▶ [Input]
*****

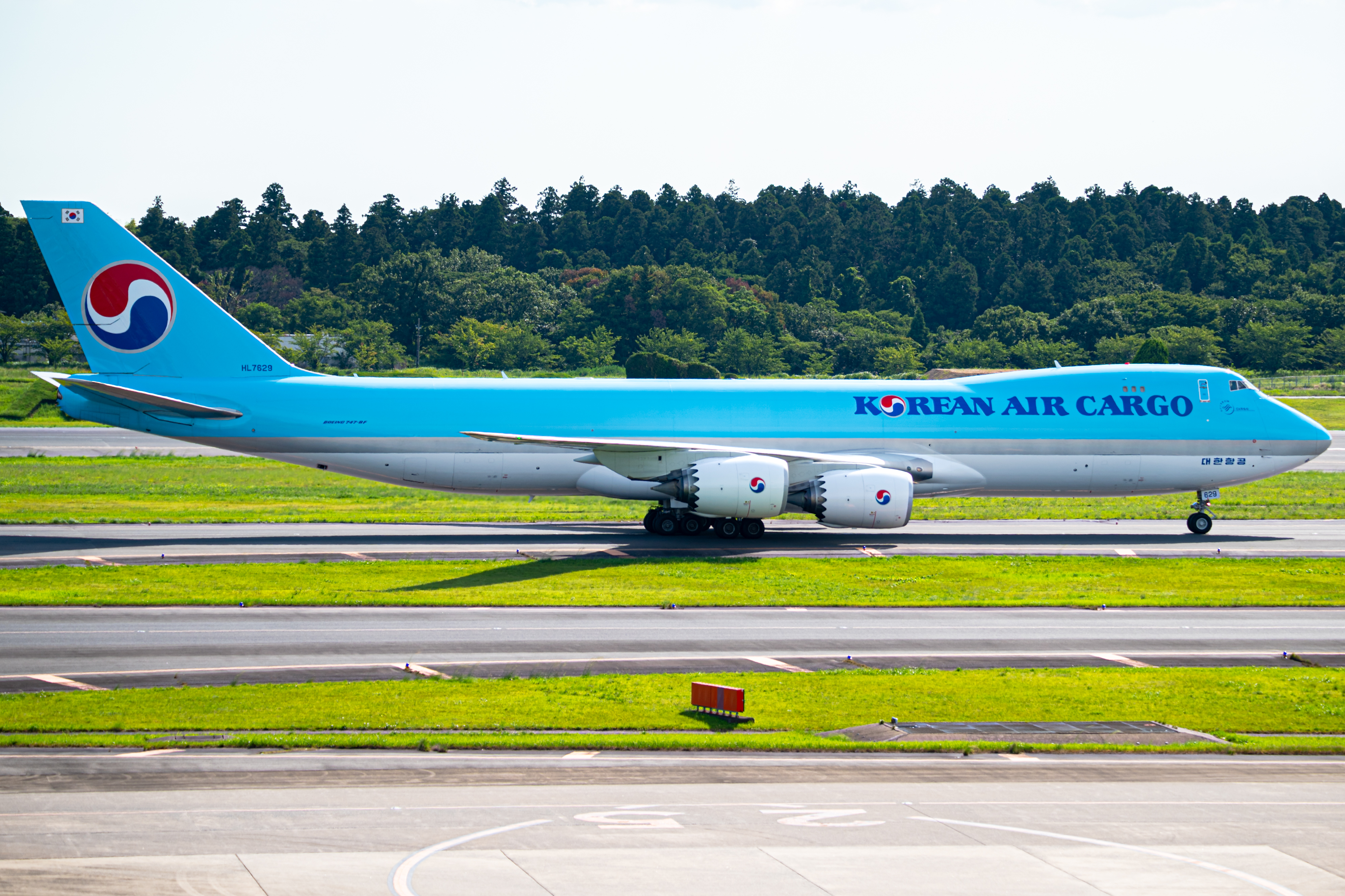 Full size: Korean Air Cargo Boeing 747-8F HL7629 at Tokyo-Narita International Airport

*****

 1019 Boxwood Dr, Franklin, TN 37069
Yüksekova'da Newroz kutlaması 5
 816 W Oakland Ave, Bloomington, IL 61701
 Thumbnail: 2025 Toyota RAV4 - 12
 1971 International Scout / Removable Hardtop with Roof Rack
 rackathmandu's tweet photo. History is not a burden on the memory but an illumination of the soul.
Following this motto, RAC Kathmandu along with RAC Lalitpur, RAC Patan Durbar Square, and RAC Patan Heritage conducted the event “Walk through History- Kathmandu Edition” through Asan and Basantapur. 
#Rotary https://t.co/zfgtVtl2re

*****

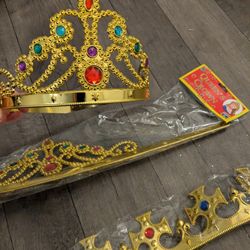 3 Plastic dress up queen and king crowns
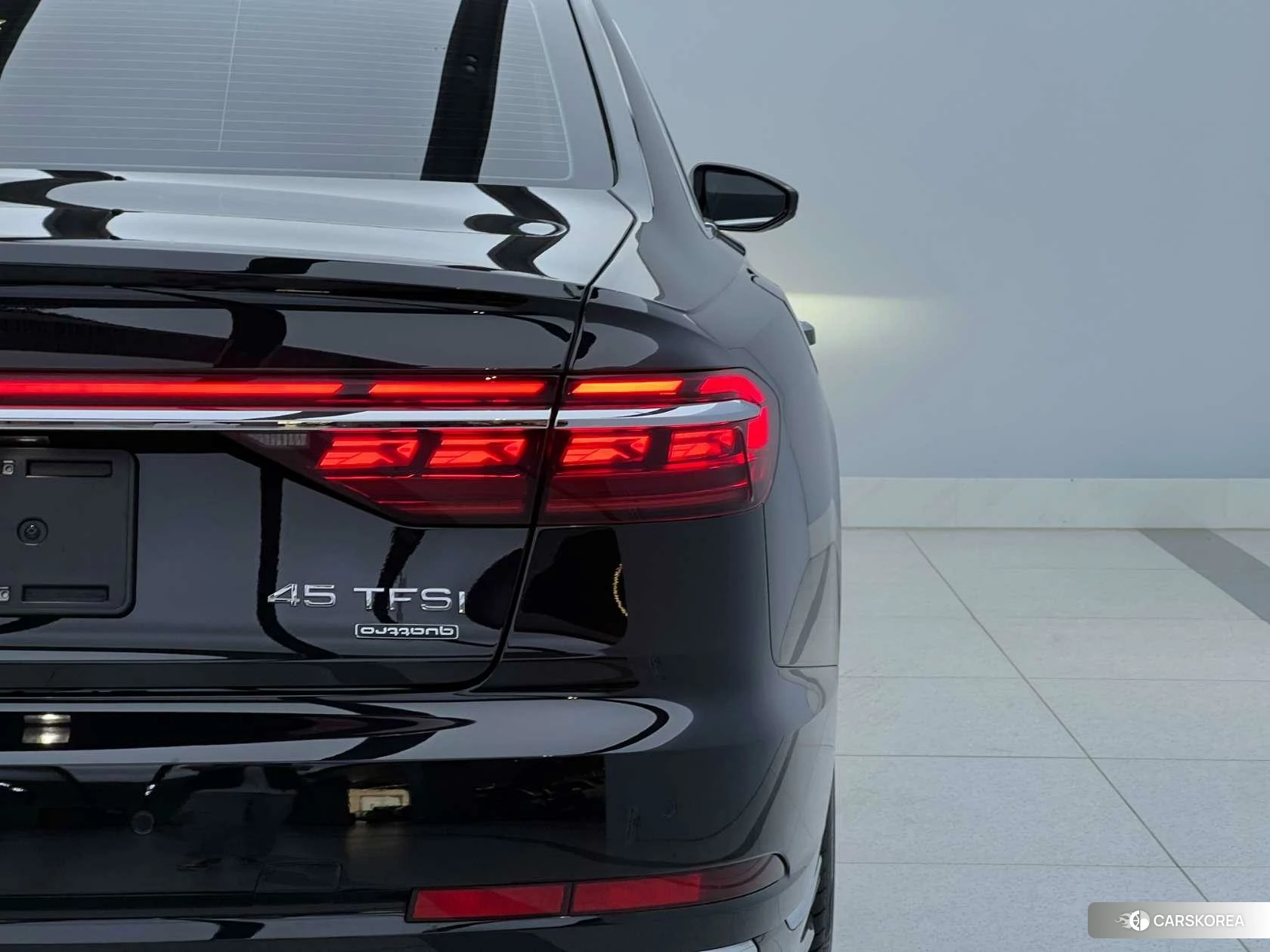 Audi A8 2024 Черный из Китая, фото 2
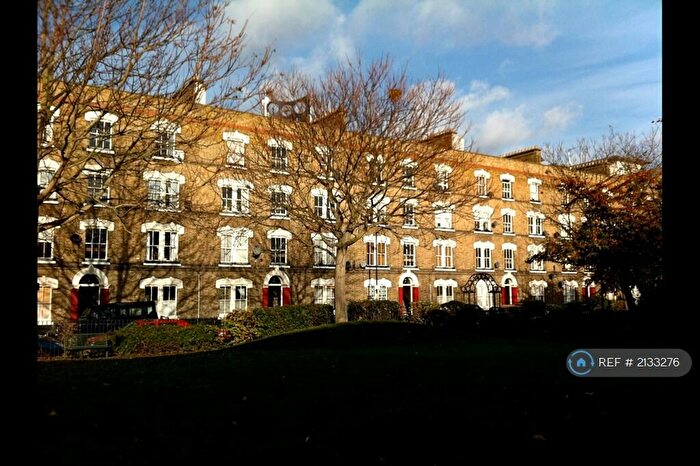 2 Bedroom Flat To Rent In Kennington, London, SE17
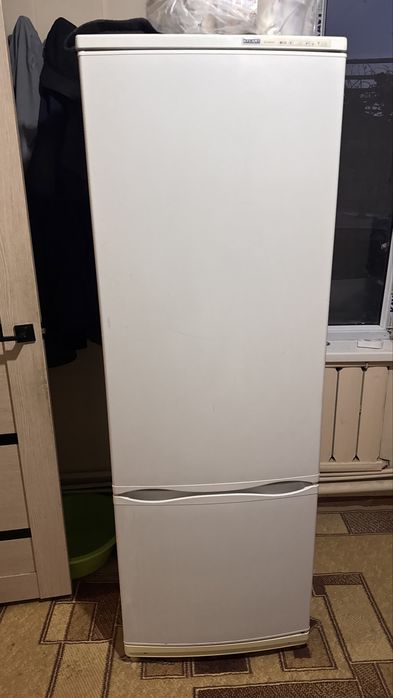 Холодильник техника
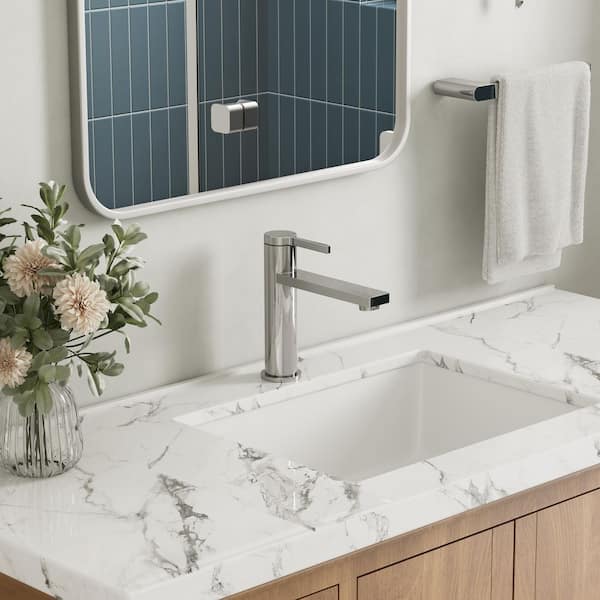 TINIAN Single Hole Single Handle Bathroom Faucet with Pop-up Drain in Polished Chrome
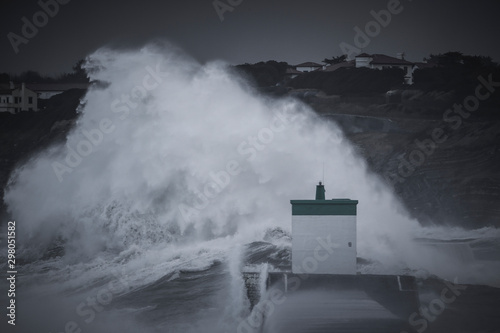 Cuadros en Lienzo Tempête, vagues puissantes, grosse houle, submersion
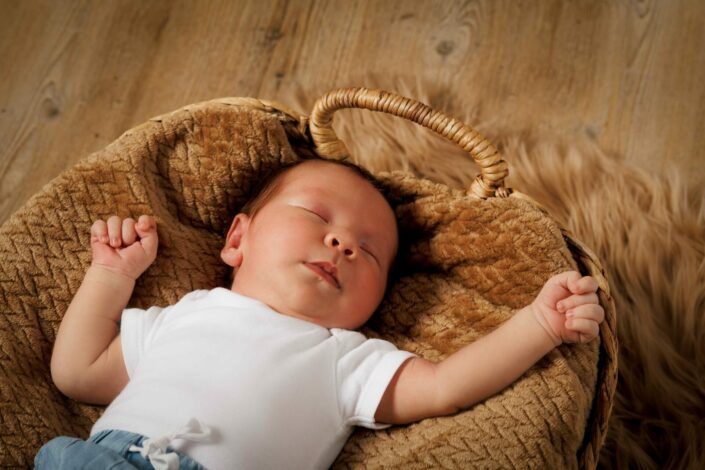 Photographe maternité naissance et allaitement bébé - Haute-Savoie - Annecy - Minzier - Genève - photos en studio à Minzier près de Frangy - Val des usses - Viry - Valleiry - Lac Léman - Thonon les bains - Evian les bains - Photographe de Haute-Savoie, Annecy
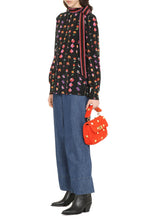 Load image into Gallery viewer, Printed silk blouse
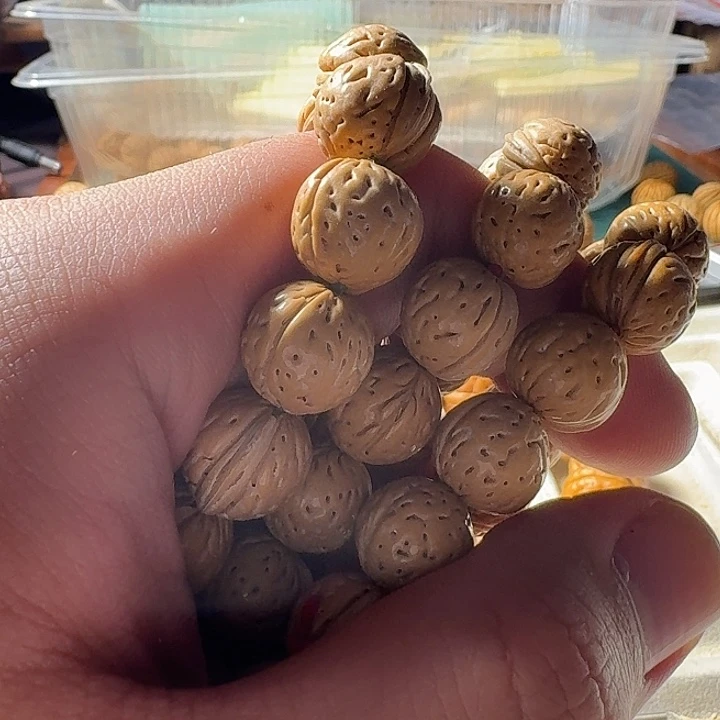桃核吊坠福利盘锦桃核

*****

Using the listing above, list every line in which the string "History" occurs.

 rackathmandu's tweet photo. History is not a burden on the memory but an illumination of the soul.
Following this motto, RAC Kathmandu along with RAC Lalitpur, RAC Patan Durbar Square, and RAC Patan Heritage conducted the event “Walk through History- Kathmandu Edition” through Asan and Basantapur. 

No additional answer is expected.